What’s the hurry, anyway? I take my time and don’t let it bother me that there’s too goddamned many Russian names and nicknames to keep track of. I just try to follow the flow. It’s history, anyway, and not only is all history seldom known and seldom knowable, I add to the mix by skimming when the love letters between the Tsar and Tsaritsa become too mushy and too frequent. I was awake when Rasputin was murdered. (Plink! Just a clean bullet hole in the end—but damn, all that bellowing death and threat of retribution!)

I expect I’ll be awake again when the Tsar and the Tsaritsa and their offspring buy the farm. But I’m an old fart and I give myself permission to skim. Seems like a good thing to me. After all, when I really misbehave, I throw (my own, not the library’s) disappointing books to the ground or out the window onto an adjacent roof! Skimming is a small sin in my book What book, you ask? The one on the roof, dummy!
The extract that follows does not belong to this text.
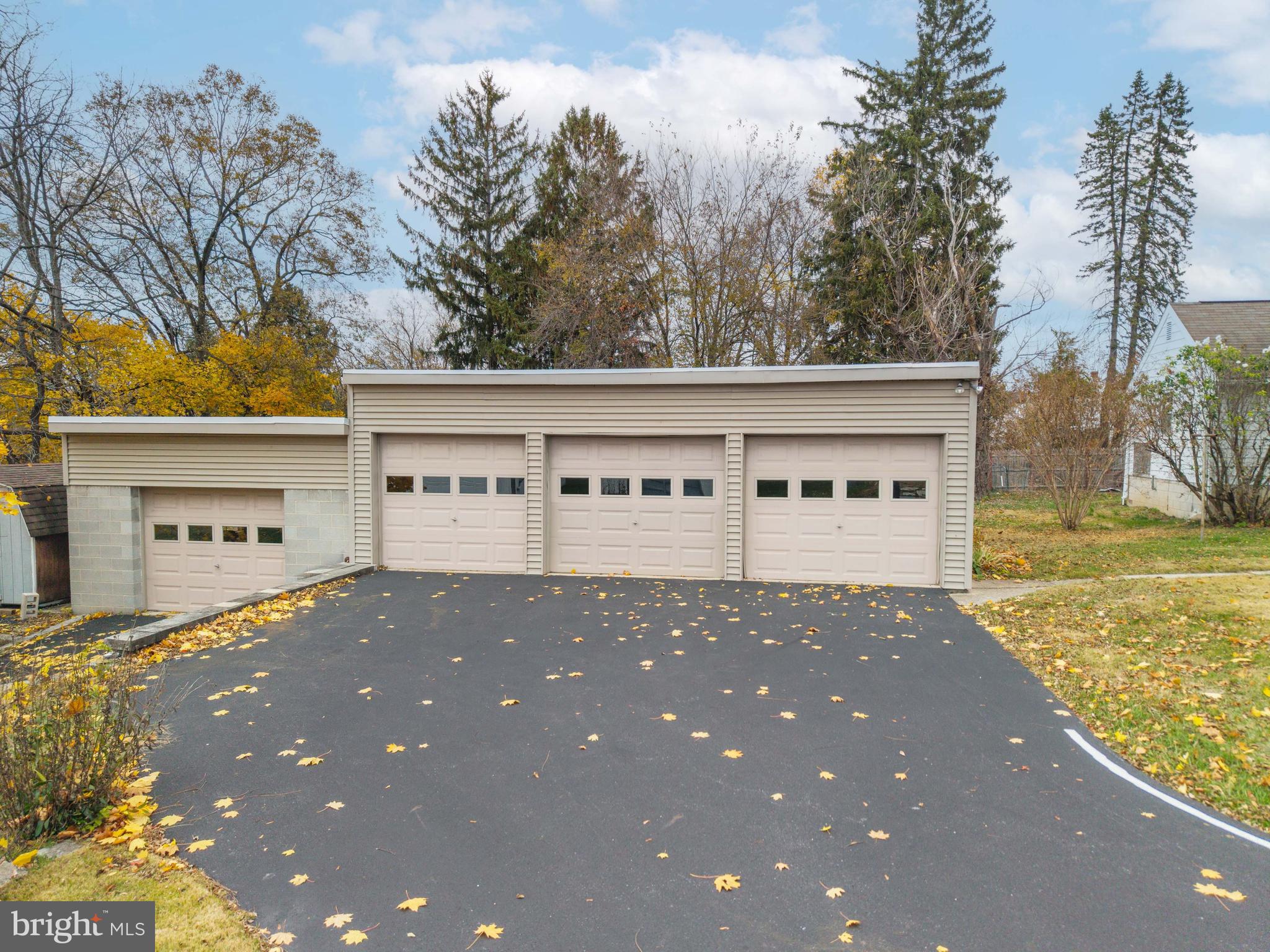 EAST PENNSBORO - Residential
Jesus. I’ve been skimming my way to the end of this book for a while now, but it’s taking this guy forever to stop telling this murder tale! Just kill them, I want to yell at him! Since the deaths are a historical fact, he knows you know about it and draws it out forever getting to the details. I guess he knew that bit of drama was one of the only things going for him unless—unlike me—you’re an endless student of Russian and Commie history! My head is jam-packed with the names of Russian historical nobodies who were once important for 15 seconds or so. Well, it’s over; they’ve killed the Tsar and the Tsaritsa just in time for supper, not to mention the hemophiliac son, and all the pretty young daughters in a row, and every relation that could be reached at the time. Dead, dead, dead! But still this book goes on. All this Russian darkness is going on too long; I may not last to the end, but I’m trying.